D’autre part, on a tendance à oublier qu’il existe des pays où le phénomène migratoire a un impact croissant, non seulement en tant que pays de transit, comme c’est le cas en Afrique du Nord, mais aussi en tant que pays d’établissement. Les implications de cette installation des immigrants en Europe ont été largement analysées. Cependant, le défi pour des pays comme le Maroc, le Liban ou les monarchies du Golfe, autrefois des lieux de transit qui sont devenus des foyers permanents pour les immigrants, reste peu reconnu.
Le système de la Kafala, en vigueur dans le Golfe et qui, dans la pratique, fait du travailleur la propriété de l’employeur, en plus d’être inhumain, est un élément obsolète dans des pays qui en sont déjà à la deuxième ou troisième génération d’immigrants. Favorisée par l’exploitation du sous-sol, l’immigration dans cette région était nécessaire pour contribuer à une croissance qui n’aurait pu être atteinte avec une population locale numériquement insuffisante. Aujourd’hui, la main-d’oeuvre étrangère couvre des secteurs entiers de l’économie et constitue une architrave importante de leurs économies. Pour l’instant, ni les politiques gouvernementales ni le secteur privé, qui bénéficie d’une main-d’oeuvre bon marché, ne semblent disposés à changer ce système abusif.

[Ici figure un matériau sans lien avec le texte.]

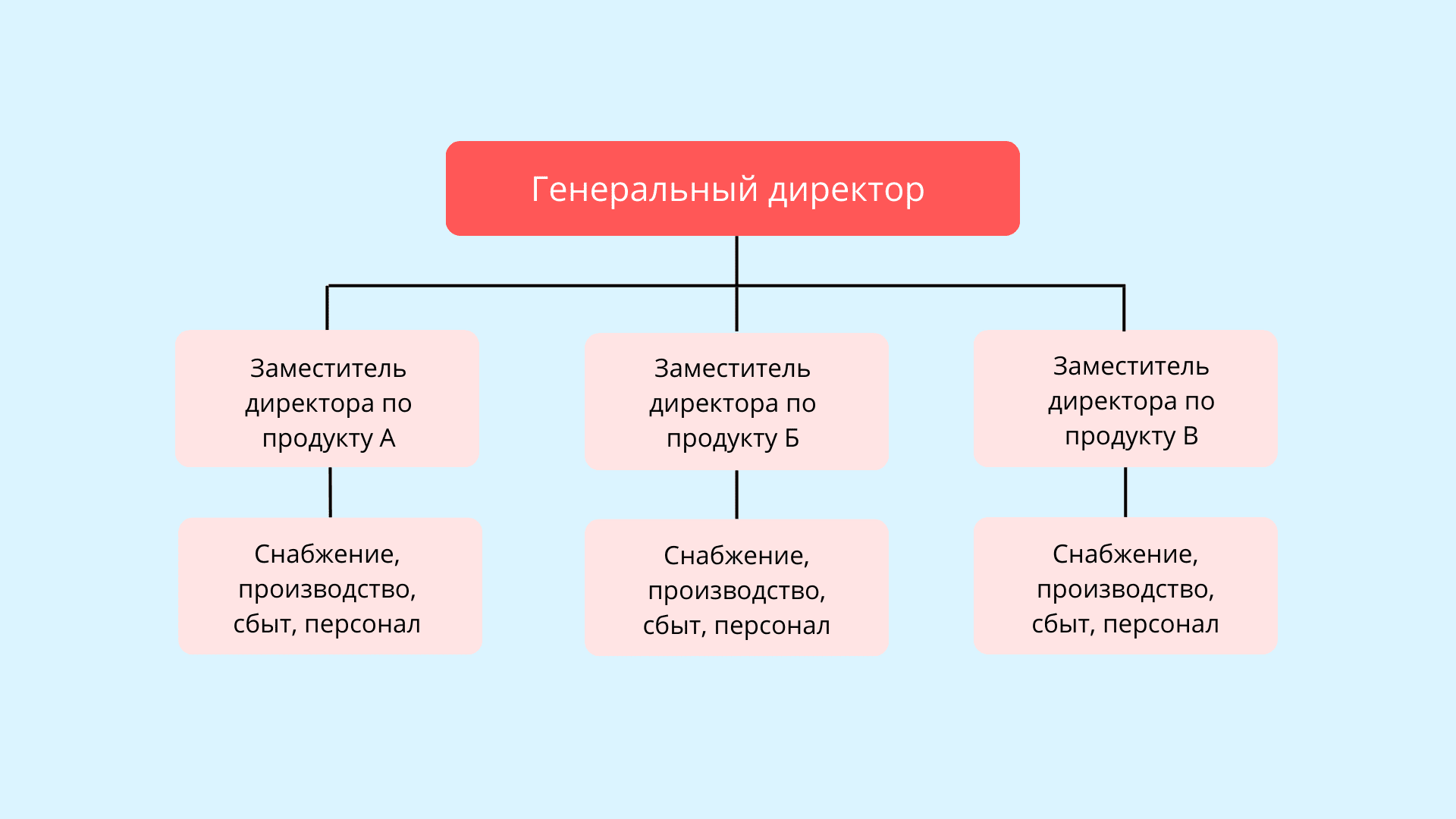Дивизионная структура управления - схема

Le Liban, pays d’émigration tout au long de son histoire, avec une mosaïque de communautés religieuses et une population mixte, repose sur un équilibre interne fragile que l’accueil des réfugiés et de la main-d’oeuvre étrangère, de moins en moins provisoire, peut modifier. Un exemple de la précarité dans laquelle vivent les travailleurs étrangers est celui des employées domestiques immigrées, qui sont également soumises au système de la Kafala, dont la visibilité a été un des éléments clés pour proposer un changement juridique.
D’une migration essentiellement de transit, dans les années quatre-vingt-dix, suite au renforcement des frontières de l’Union européenne, la population étrangère au Maroc a commencé à y s’installer. Cela a contraint le pays à adapter le cadre juridique, accompagné d’une politique diplomatique de rapprochement avec le continent africain, qui porte ses fruits. Toutefois, il reste encore quelques questions en suspens qui font l’objet d’un débat intense, comme l’abrogation de la loi, votée après les attentats de Casablanca en 2003, qui criminalise l’immigration et l’émigration irrégulières, ainsi que l’immigration de transit. La mise en oeuvre de véritables politiques d’intégration et de lutte contre le racisme est également en attente.
Les changements juridiques nécessaires pour répondre au phénomène de l’immigration installée sont encore inexistants, embryonnaires ou clairement insuffisants, mais la nouvelle variable démographique obligera les gouvernements à réagir et, par conséquent, l’immigration deviendra, comme cela s’est produit en Europe, un sujet de débat politique dans ces pays. Il s’agit là d’un autre vecteur qui permettra de mettre à l’épreuve, dans ces pays également, le processus de changement politique et social et de respect des droits de l’homme auquel ils se sont engagés au niveau international.